*** Opening Data ***

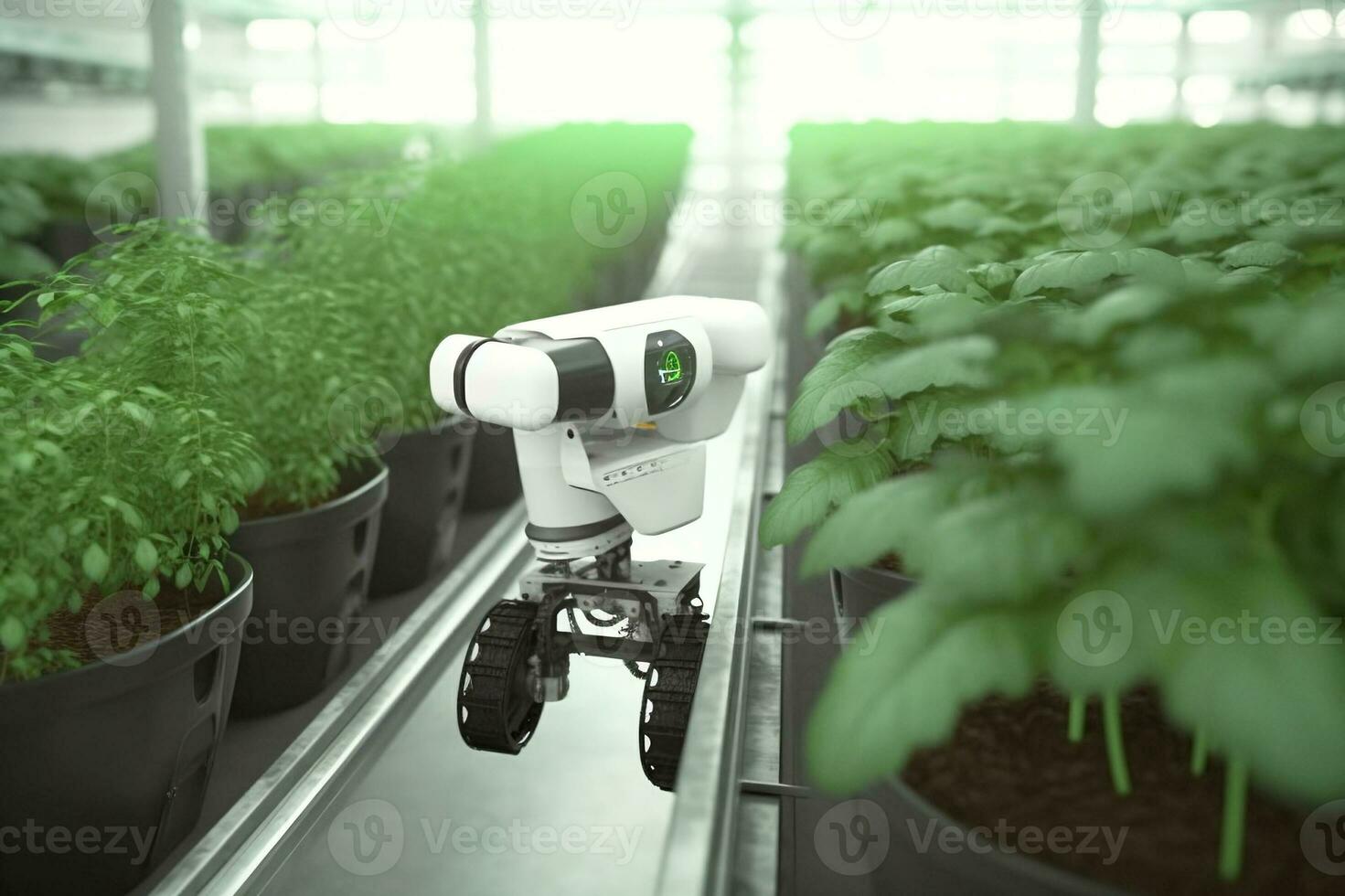 Smart Robotic Farmers Revolutionizing Agriculture. created with Generative AI photo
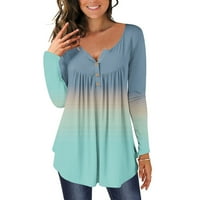 Ketyyh-CHN košulje s dugim rukavima za žene ženska majica Workout Tunike vrhovi bluze plavi, l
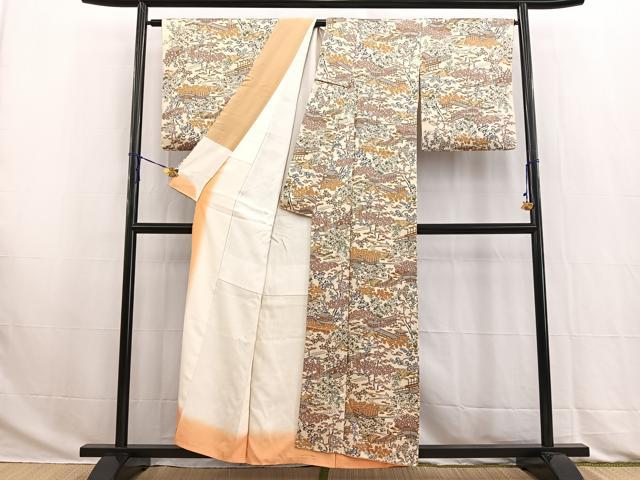 平和屋着物■上質な小紋　風景花文　正絹　逸品　BAAW2841yc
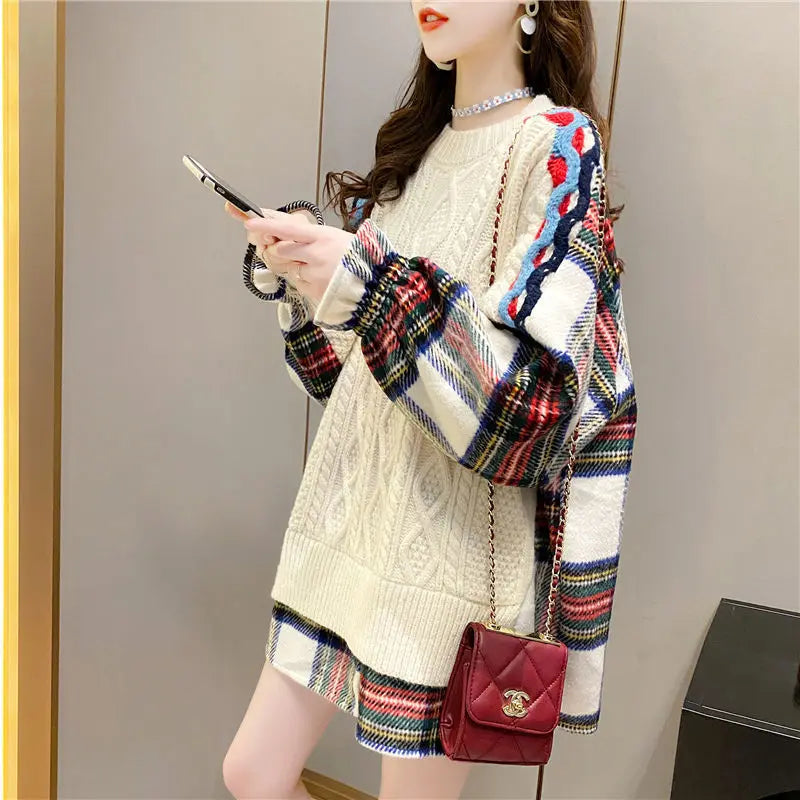 Miniso Oversized Sweater Dress – Patchwork Knit Long Top for Women, Plus Size Casual Style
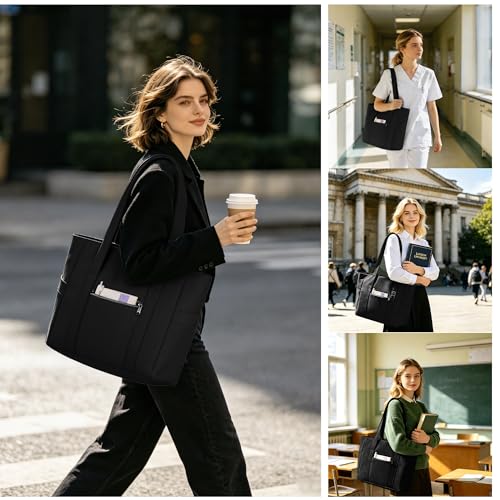 Image of CTWWFS Large Tote Bag for Women with Zipper, Nylon Lightweight Work Tote with 15.6 inch Laptop Sleeve, Nurse Bag for Work College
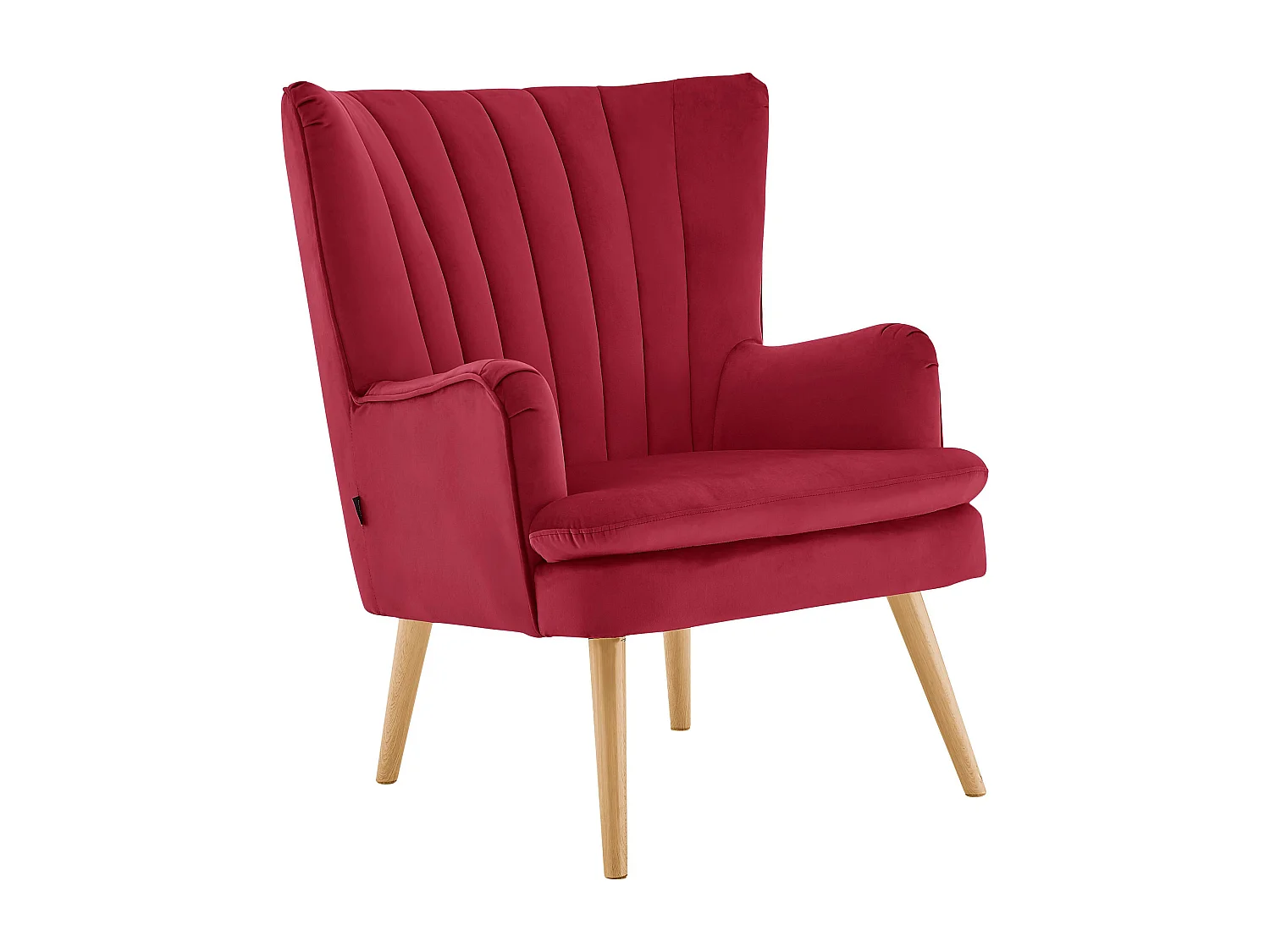Zenia | Sessel + Hocker aus Samt rot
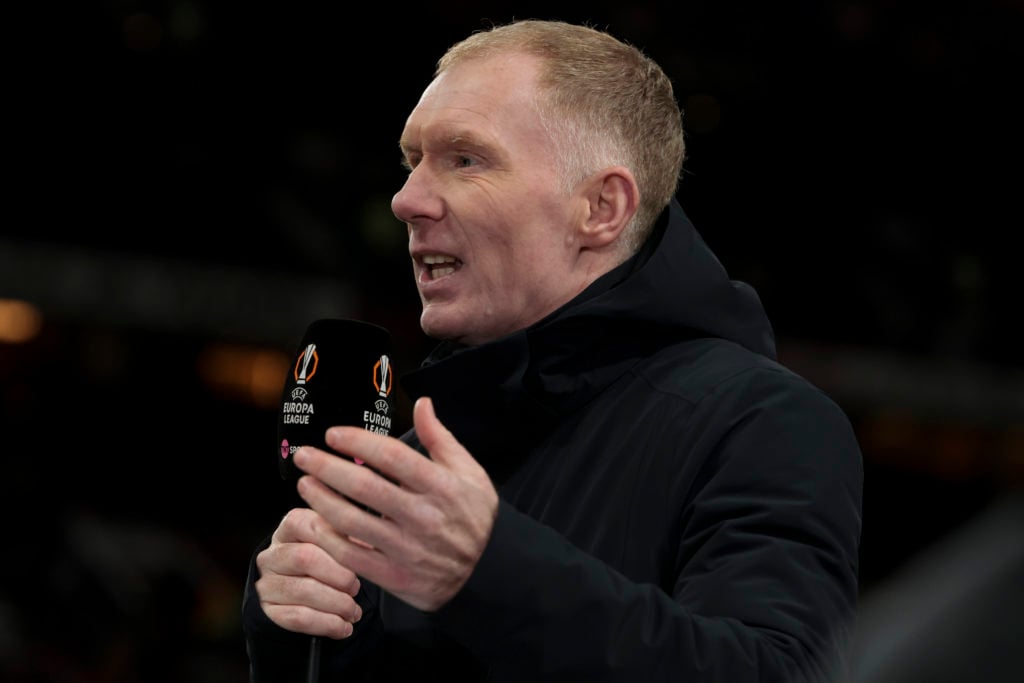Paul Scholes doing punditry work for Manchester United v Real Sociedad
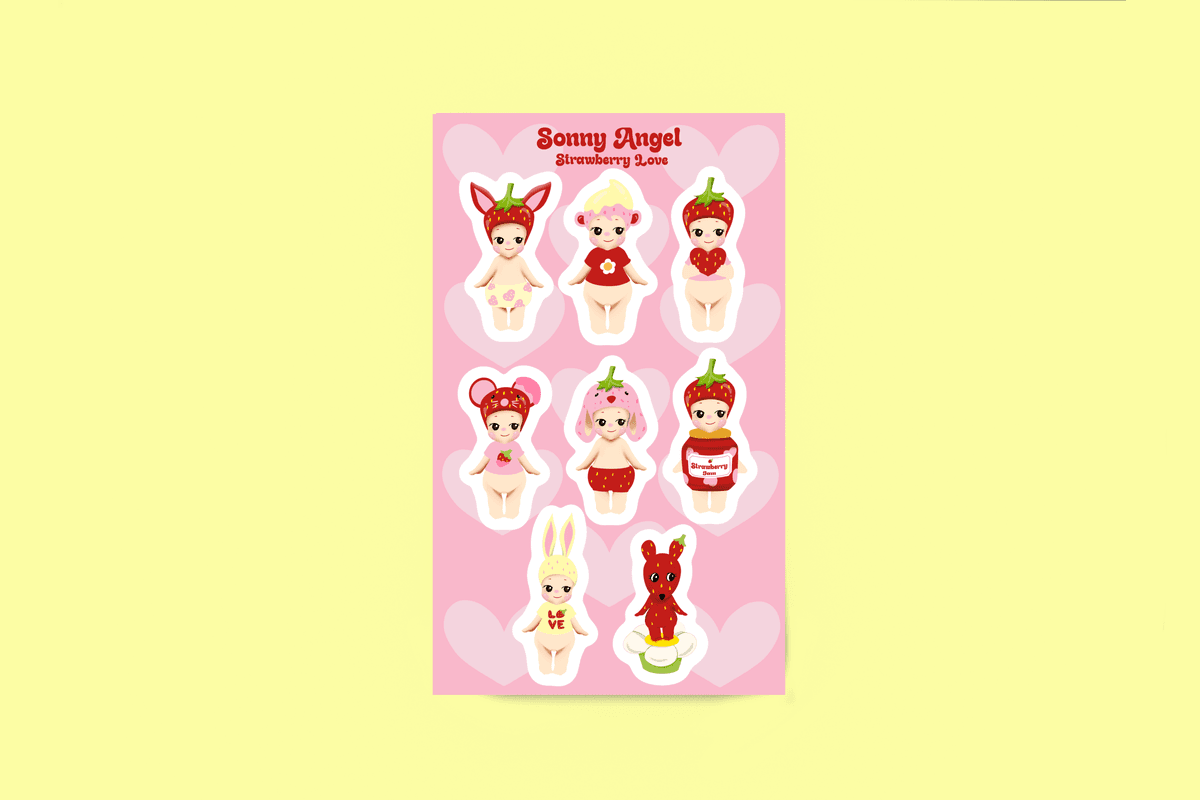 Sonny Angel "Strawberry Love" Sticker Sheet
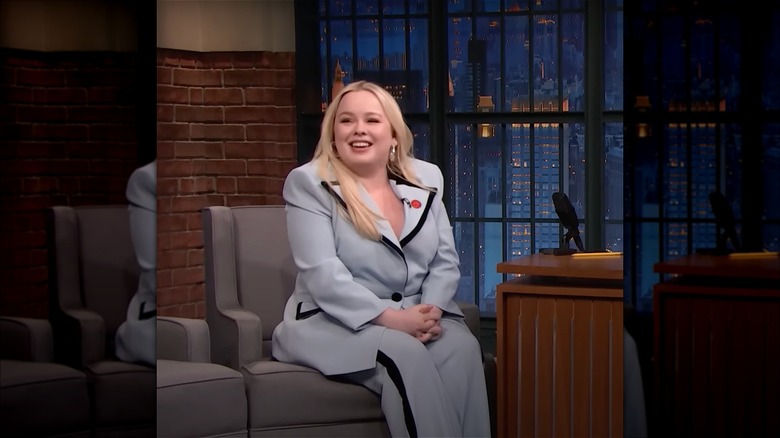 Nicola Coughlan blue black pantsuit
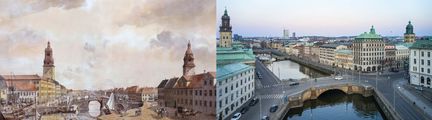 Historisk vy över Göteborgs stadskärna plus vy från i dag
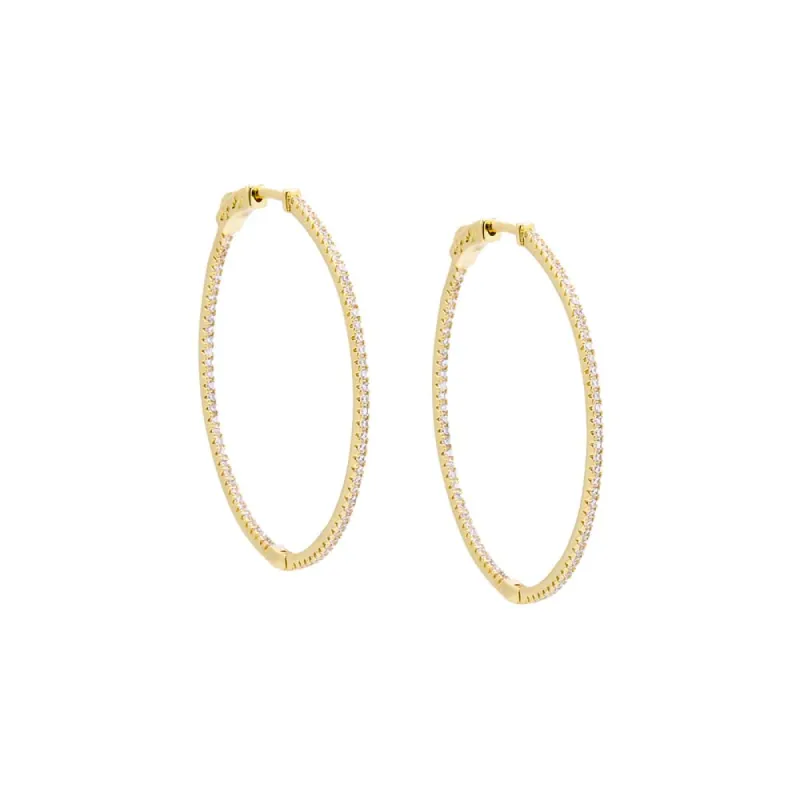Fancy Thin CZ Open Hoop Earring sold by Adina Eden's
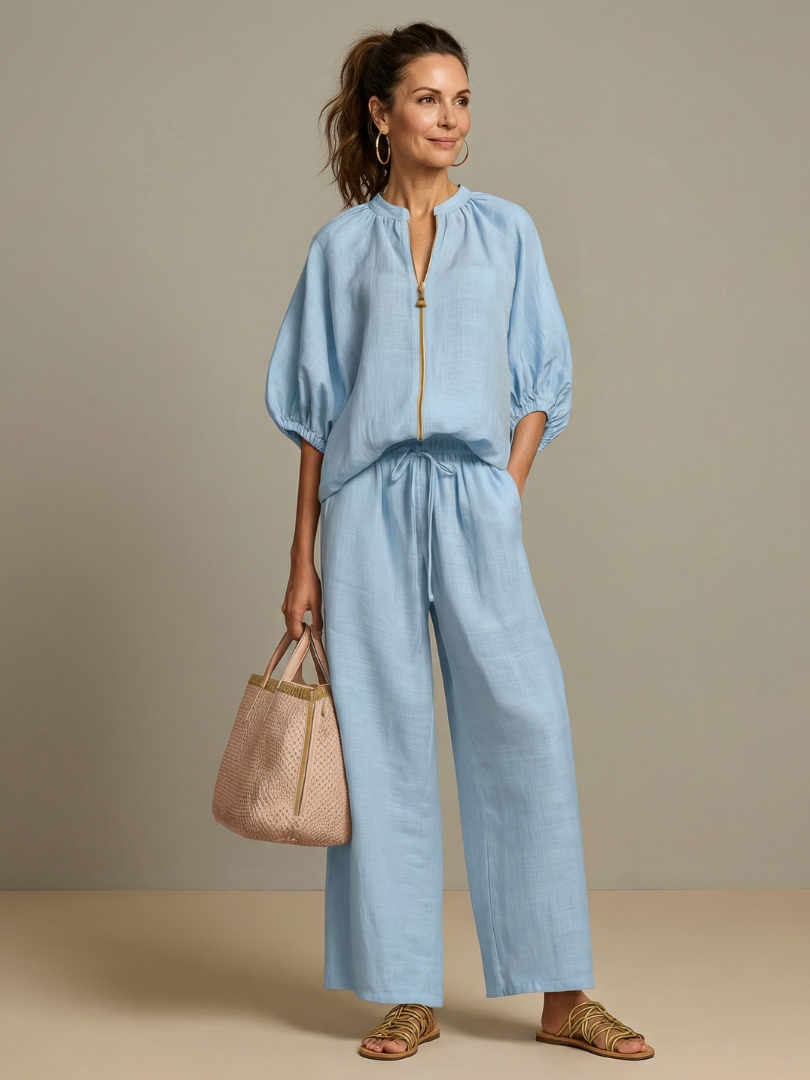 Two-piece set for women in a relaxed fit with puff sleeves and pants - J&B; - 1 - Elvaroza.com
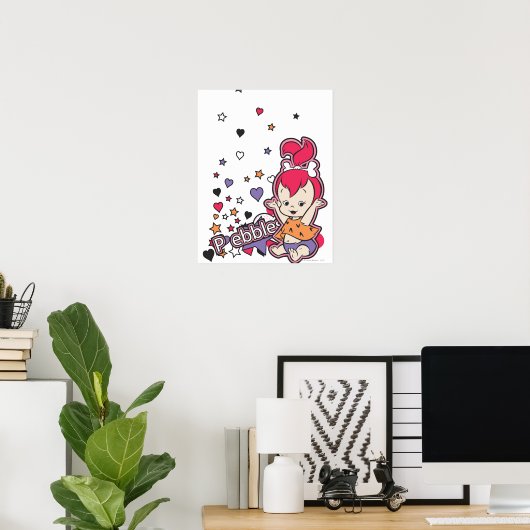 PEBBLES™ Paars hart Poster (Thuiskantoor)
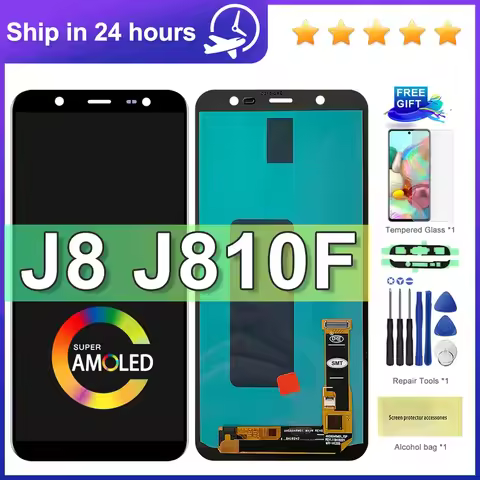 For AMOLED J8 LCD For Samsung J8 2018 J810 J810FN SM-J810 LCD Display Touch Screen Digitizer Assembl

*** Closing Data ***

Final stretch of the data: repeat exactly each line from the one containing "Two-piece set for" through the last, and omit all pictures.

▶ [Answer box]
 Two-piece set for women in a relaxed fit with puff sleeves and pants - J&B; - 1 - Elvaroza.com
 PEBBLES™ Paars hart Poster (Thuiskantoor)
 For AMOLED J8 LCD For Samsung J8 2018 J810 J810FN SM-J810 LCD Display Touch Screen Digitizer Assembl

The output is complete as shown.